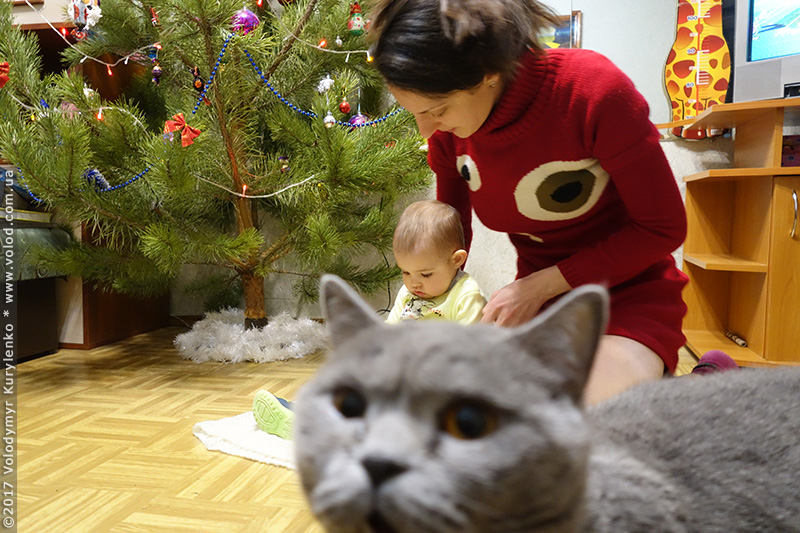 photo from slideshow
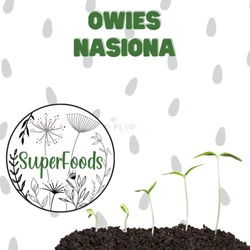 Owies - nasiona do domowego wysiewu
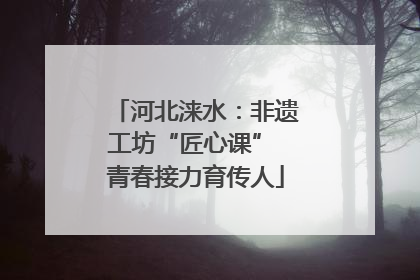 河北涞水：非遗工坊“匠心课” 青春接力育传人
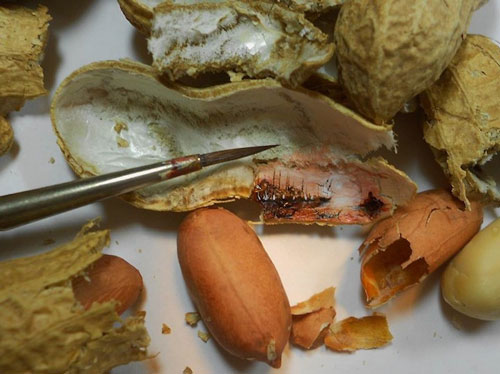 用放大镜才能看到的食物微绘画（组图）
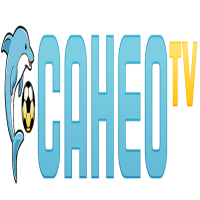 caheotvprolink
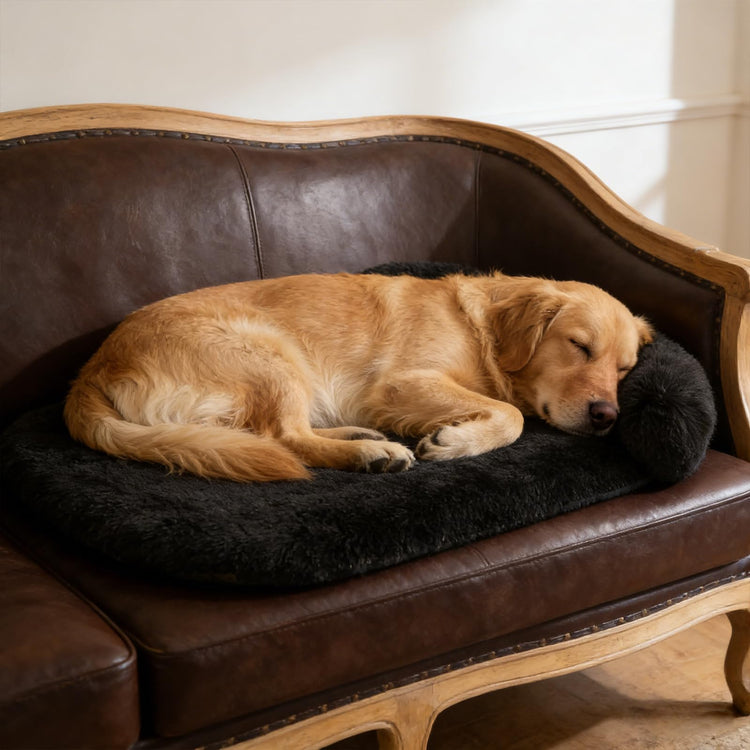 Orthopedic Dog Bed with Egg-Crate Base, Calming Dog & Cat Beds Long Plush with Raised Edges, Spine Friendly Pet Sleeping Mat for Small Medium Dogs, Machine Washable (Oval, Beige 26"x20")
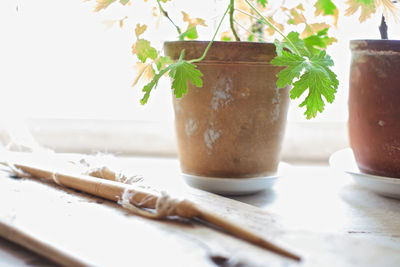 Close-up of potted plant on table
______________________________
■ Exercise prompt: Output the listing above in full, exactly. No images.

■ Solution:
 photo from slideshow
 Owies - nasiona do domowego wysiewu
 河北涞水：非遗工坊“匠心课” 青春接力育传人
 用放大镜才能看到的食物微绘画（组图）
 caheotvprolink
 Orthopedic Dog Bed with Egg-Crate Base, Calming Dog & Cat Beds Long Plush with Raised Edges, Spine Friendly Pet Sleeping Mat for Small Medium Dogs, Machine Washable (Oval, Beige 26"x20")
 Close-up of potted plant on table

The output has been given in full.